Ora c’è un processo. Un processo storico, che chiede conto ai proprietari della Eternit di quelle morti. Dei mancati controlli, delle sicurezze lasciate in un cassetto, della consapevolezza che si producesse morte insieme all’amianto, con gli stessi tassi di crescita.
In quel processo ci sono parti civili. Gente che vuole giustizia, che vorrebbe vedere accertata una responsabilità.
Il comune di Casale Monferrato ha deciso di accettare la proposta dei padroni della Eternit.
Quei diciotto milioni in cambio della rinuncia a costituirsi parte civile nel processo.
Restano i famigliari, il Comune se ne va. E sarebbe facile, banale, perfino divertente in modo crudele, sparare sul colore di quell’amministrazione e sui partiti che la governano, ma non voglio farlo.
E’ una questione di senso civico, non di politica. Di senso di comunità, non di partiti.
Di giustizia, non di finanziamenti da ricevere.
Di cultura, anche questo sono le decisioni di un consiglio comunale.
È indegno che a questo gioco si presti una pubblica amministrazione.
Posso giustificare un singolo, ognuno fa i conti con il proprio dolore, le proprie bollette e la vita non si ferma.
Un comune non ha giustificazioni. Un comune, già nel nome che lo identifica, possiede la sostanza del proprio mandato.
Cosa c’è di comune in una decisione come questa? La possibilità di usare quei soldi per bonificare o sostenere le famiglie? Di investire nella ricerca?
Non assomiglia, invece, alla scelta di chi conosce il pericolo e fa i conti sulla differenza fra chiudere bottega e risarcire?
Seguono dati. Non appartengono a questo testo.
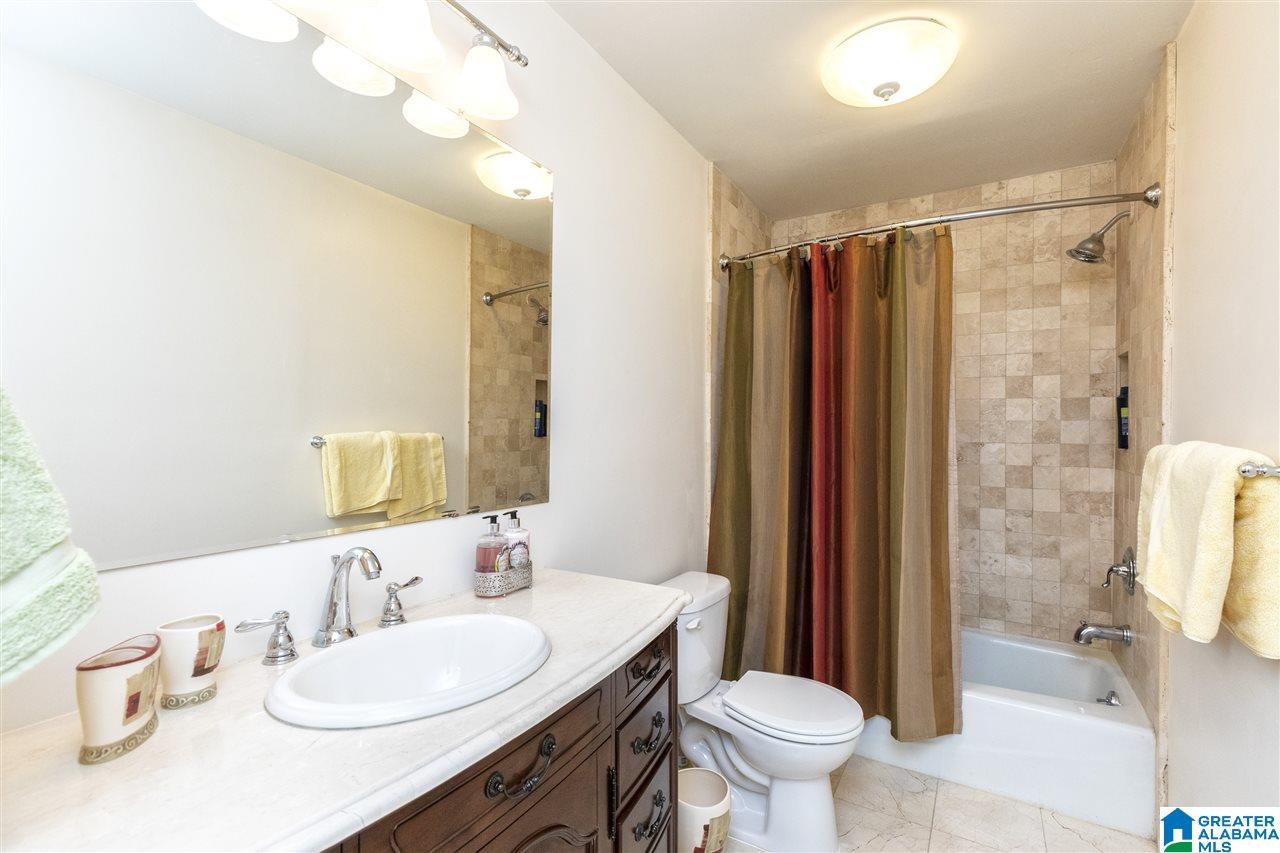 53 Shades Crest Road Birmingham, AL 35226 - Photo 16 of 26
Non afferma quel principio? Non certifica la possibilità di ritornare indietro da qualsiasi cosa, anche dalla morte? Non lo rende lecito?
Un comune non dovrebbe stare con i propri cittadini, quando hanno subito un torto?
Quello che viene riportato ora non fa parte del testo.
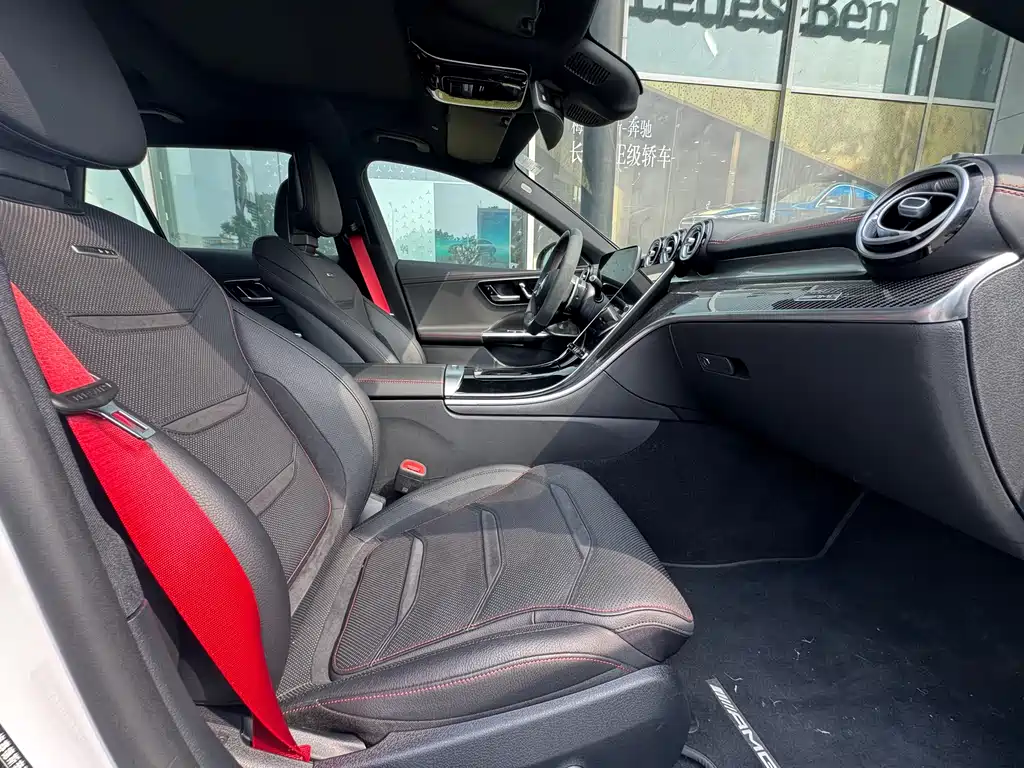 Mercedes-Benz C-Class AMG 2025 — фото 17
E se per quel torto sono addirittura morti, non dovrebbe essere una ragione in più?
E’ ora di smetterla di far credere che con un assegno e un adeguato numero di zeri si possa comprare il silenzio di tutti, emendare le colpe, ripulire la verginità, cancellare il ricordo dei morti.
Il mesotelioma, il tumore incurabile che soffoca, strozza la vita degli esposti all’amianto, colpisce con decine di anni di ritardo.
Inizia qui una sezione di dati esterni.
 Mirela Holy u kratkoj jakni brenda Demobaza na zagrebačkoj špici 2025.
Molti di quelli che moriranno nei prossimi anni – e accadrà, non è malaugurio – non si sono ancora ammalati.
Eppure il cancro destinato a cancellare i loro polmoni viene da quella stessa fabbrica, da quegli stessi anni, da quelle stesse responsabilità.
Non possiamo salvare la loro vita, come non possiamo resuscitare i morti.
Possiamo solo raccontare la loro storia.
Incazzarci.
Rispettarli.
Difenderli anche se non ci sono.
Non scambiare un diritto con un assegno.
Rischiare, per paradosso, di non avere nemmeno quell’assegno, se il tribunale deciderà così.
Stare dalla parte giusta.
Mettere insieme, appunto, qualcosa di comune.
Si chiama civiltà.
La prima regola con cui dovrebbe muoversi, oltre a ogni cittadino, chi è stato eletto per occuparsi dell’amministrazione pubblica.